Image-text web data
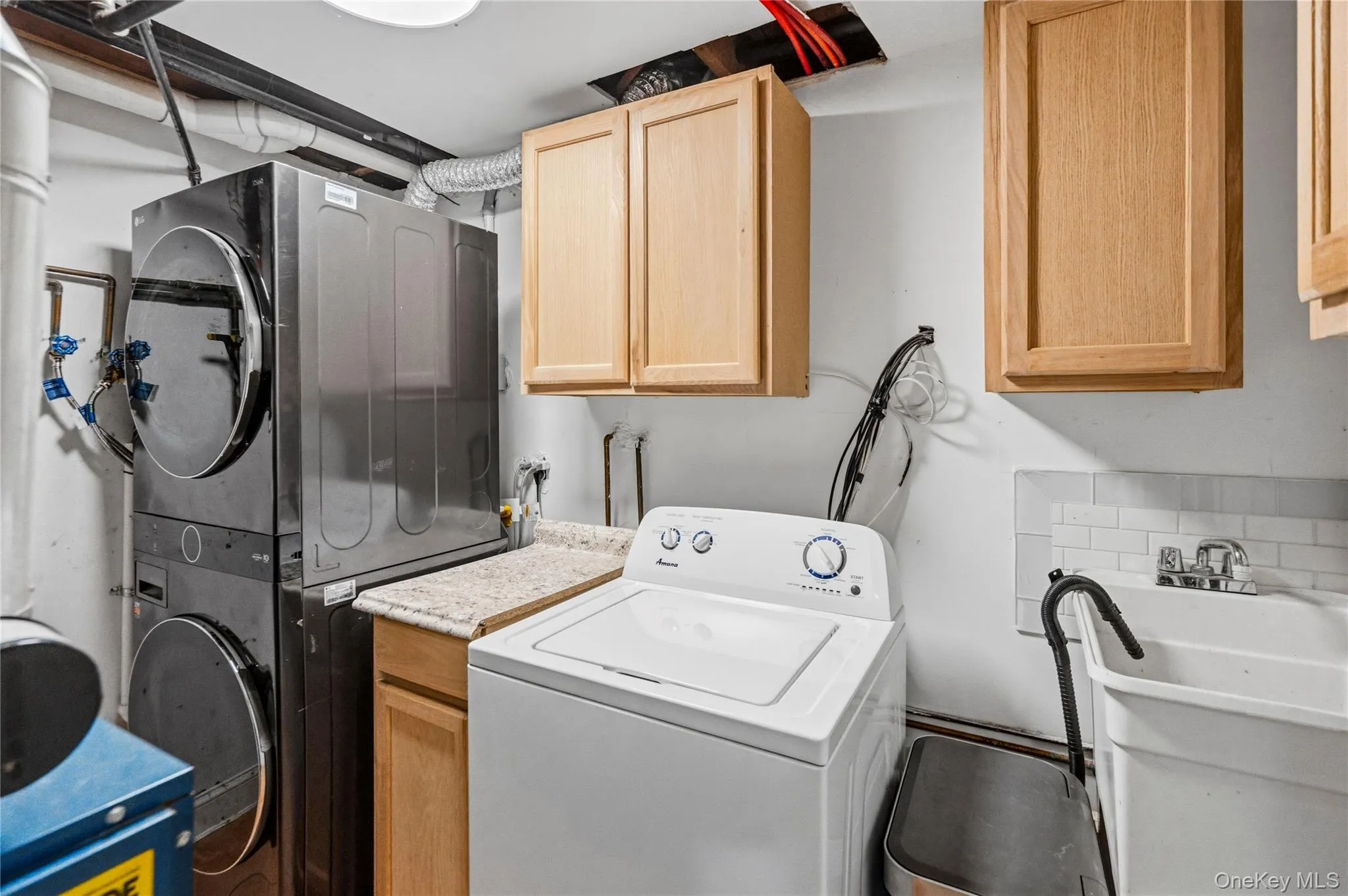105 Sequams Lane, Islip, NY, 6 Bedrooms Bedrooms, 12 Rooms Rooms,4 BathroomsBathrooms,Residential,For Rent,Sequams,0,1007927 105 Sequams Lane, Islip, NY, 6 Bedrooms Bedrooms, 12 Rooms Rooms,4 BathroomsBathrooms,Residential,For Rent,Sequams,0,1007927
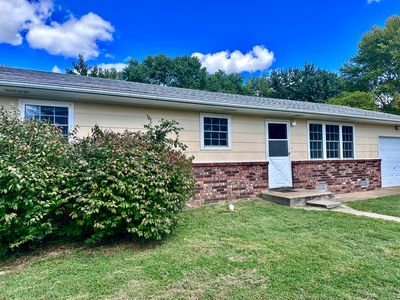 621 W Elm Street, Aurora, MO, 65605
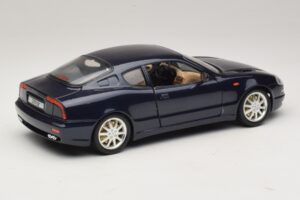 Maserati 3200 GT Blauw Bburago 1:18 3371-P1 Metaal — afbeelding 3 van 8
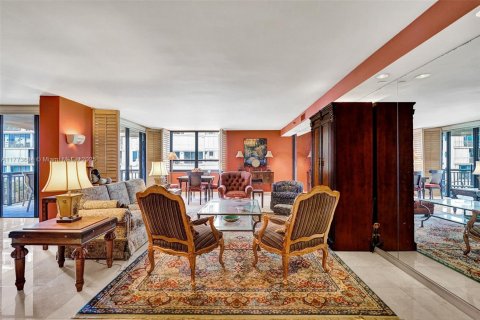 Copropriété à vendre à Bal Harbour, Floride: 2 chambres, 187.48 m2 № 2024536 - photo 6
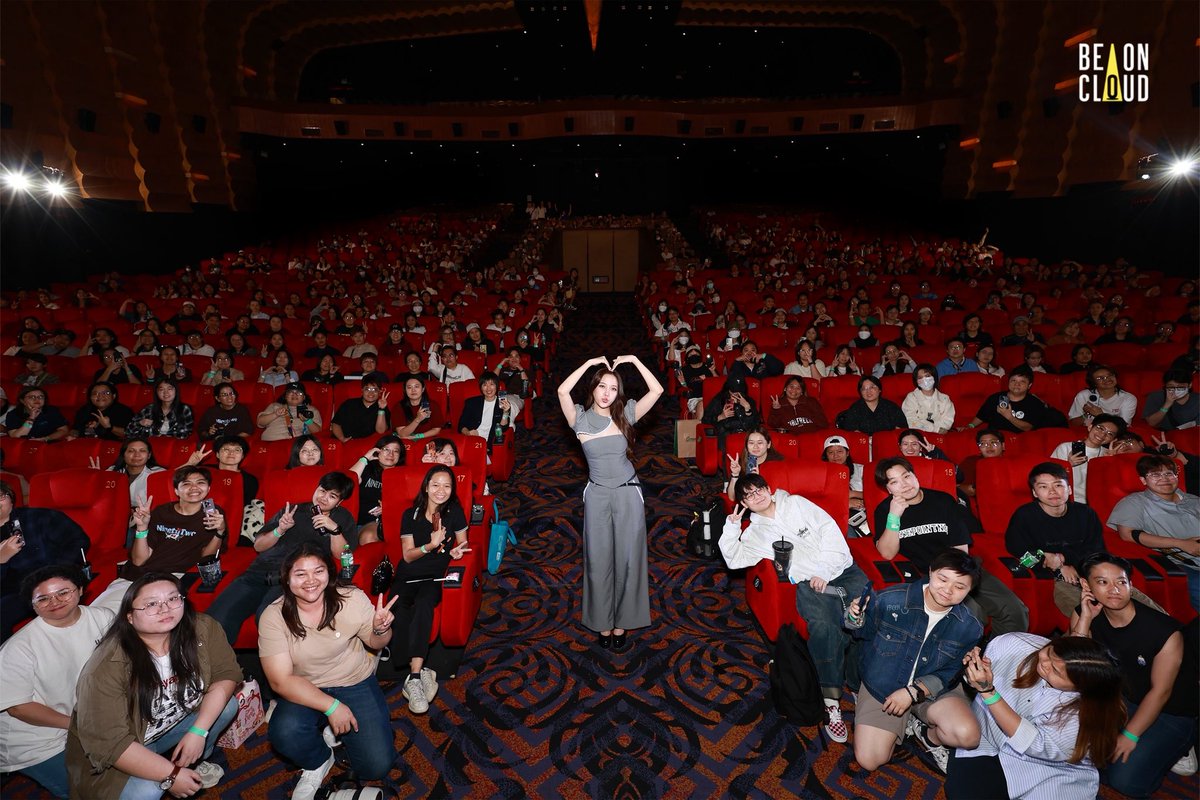 ขอบคุณแฟน ๆ ที่น่ารักที่มาร่วมชมภาพยนตร์รอบฉายพิเศษ “ราคี” Exclusive Fan Screening with FREEN SAROCHA  ในวันนี้มาก ๆ นะคะ  🎟️🍿

<a href="/srchafreen/">P'freen (real)</a> 
#ราคีFanScreeningฟรีน
#ราคีTHESTAIN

Exercise instructions
Wherever a picture appears in the data, please drop it and retype the rest exactly.

Answer for the task
105 Sequams Lane, Islip, NY, 6 Bedrooms Bedrooms, 12 Rooms Rooms,4 BathroomsBathrooms,Residential,For Rent,Sequams,0,1007927 105 Sequams Lane, Islip, NY, 6 Bedrooms Bedrooms, 12 Rooms Rooms,4 BathroomsBathrooms,Residential,For Rent,Sequams,0,1007927
 621 W Elm Street, Aurora, MO, 65605
 Maserati 3200 GT Blauw Bburago 1:18 3371-P1 Metaal — afbeelding 3 van 8
 Copropriété à vendre à Bal Harbour, Floride: 2 chambres, 187.48 m2 № 2024536 - photo 6
 ขอบคุณแฟน ๆ ที่น่ารักที่มาร่วมชมภาพยนตร์รอบฉายพิเศษ “ราคี” Exclusive Fan Screening with FREEN SAROCHA  ในวันนี้มาก ๆ นะคะ  🎟️🍿

<a href="/srchafreen/">P'freen (real)</a> 
#ราคีFanScreeningฟรีน
#ราคีTHESTAIN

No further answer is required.